Gradient Descent

Gradient descent is another application where derivatives plays a role. The main objective of gradient descent is to design a scheme that will converge to the (or better a local) minimum of a function.

Given a smooth function \(f:\mathbb{R}^d \to \mathbb{R}\), the goal is to find a local minimum \(\mathbf{x}^\ast\), that is

\[ \begin{equation*} f(\mathbf{x}^\ast) \leq f(\mathbf{y}) \end{equation*} \]

for any \(\mathbf{y}\) in a neighborhood of \(\mathbf{x}^\ast\).
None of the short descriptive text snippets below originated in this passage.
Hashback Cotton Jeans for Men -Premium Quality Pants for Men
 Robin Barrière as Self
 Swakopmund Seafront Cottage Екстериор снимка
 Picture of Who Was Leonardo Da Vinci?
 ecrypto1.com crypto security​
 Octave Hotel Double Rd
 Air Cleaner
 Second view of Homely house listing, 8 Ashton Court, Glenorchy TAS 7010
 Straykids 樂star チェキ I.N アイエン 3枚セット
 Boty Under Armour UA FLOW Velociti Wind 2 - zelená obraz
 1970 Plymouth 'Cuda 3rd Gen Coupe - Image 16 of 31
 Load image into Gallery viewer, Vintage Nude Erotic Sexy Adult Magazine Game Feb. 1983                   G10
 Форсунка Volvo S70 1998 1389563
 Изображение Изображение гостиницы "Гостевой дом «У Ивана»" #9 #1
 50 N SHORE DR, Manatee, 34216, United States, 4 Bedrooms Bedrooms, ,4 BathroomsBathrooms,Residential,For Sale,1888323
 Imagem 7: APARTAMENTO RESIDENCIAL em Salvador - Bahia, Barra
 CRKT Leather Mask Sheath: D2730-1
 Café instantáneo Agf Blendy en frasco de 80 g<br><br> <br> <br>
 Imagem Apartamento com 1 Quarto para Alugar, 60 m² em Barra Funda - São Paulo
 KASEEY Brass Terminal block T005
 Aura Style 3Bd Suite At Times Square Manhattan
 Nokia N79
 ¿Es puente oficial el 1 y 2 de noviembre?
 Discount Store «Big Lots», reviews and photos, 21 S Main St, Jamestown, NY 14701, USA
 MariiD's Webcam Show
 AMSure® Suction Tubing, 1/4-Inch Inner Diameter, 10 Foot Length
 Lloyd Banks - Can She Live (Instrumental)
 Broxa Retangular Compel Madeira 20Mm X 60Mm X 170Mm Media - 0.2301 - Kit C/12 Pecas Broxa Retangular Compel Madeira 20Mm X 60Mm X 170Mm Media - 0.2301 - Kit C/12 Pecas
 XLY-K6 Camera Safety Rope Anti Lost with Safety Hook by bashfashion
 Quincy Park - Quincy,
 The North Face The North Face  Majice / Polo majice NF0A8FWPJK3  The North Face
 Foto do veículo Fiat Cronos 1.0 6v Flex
If this relation holds for any \(\mathbf{y}\), then \(\mathbf{x}^\ast\) is called a global minimum.

Since \(f\) is assumed to be smooth, it follows that a necessary (but not sufficient, think about a saddle point) condition for it is that

\[ \nabla f(\mathbf{x}^\ast) = 0 \]

If an explicit solution or a direct root finding method is not available, we want to construct a sequence \(\mathbf{x}_0, \mathbf{x}_1, \ldots\) such that \(\mathbf{x}_n \to \mathbf{x}^\ast\).

The classical intuition behind the gradient descent, is the situation where you are in the mountains, it is foggy and you want to find your way down to the valley. Your vision is just local but you can estimate in a close radius in which direction the path is going downwards. You move further and update along the way the direction in which you are going.

This principle rely on the following result:

Descent Direction

A vector \(\mathbf{d}\) is called a descent direction at \(\mathbf{x}\) if \(f(\mathbf{x} + t\mathbf{d})<f(\mathbf{x})\) for all \(t>0\) sufficiently small.

Proposition

If \(f\) is smooth, then any \(\mathbf{d}\) such that \(\mathbf{d}^\top \nabla f(\mathbf{x})<0\) is a descent direction.

Note that \(\inf_{\|\mathbf{d}\|=1} \mathbf{d}^\top \nabla f(\mathbf{x}) = -\nabla f(\mathbf{x})\), therefore \(-\nabla f(\mathbf{x})\) is called the steepest descent direction.

Proof

Let \(\mathbf{d}\) be such that \(\mathbf{d}^\top \nabla f(\mathbf{x}) <0\), by continuity of \(\nabla f\) there exist \(t_0\) such that \(\mathbf{d}^\top \nabla f(\mathbf{x}+t\mathbf{d})<0\) for all \(0<t<t_0\). Applying Taylor for any \(0<t<t_0\) it holds

\[ \begin{equation*} f(\mathbf{x} + t \mathbf{d}) = f(x) + t\mathbf{d}^\top \nabla f(\mathbf{x} + \gamma t \mathbf{d}) \end{equation*} \]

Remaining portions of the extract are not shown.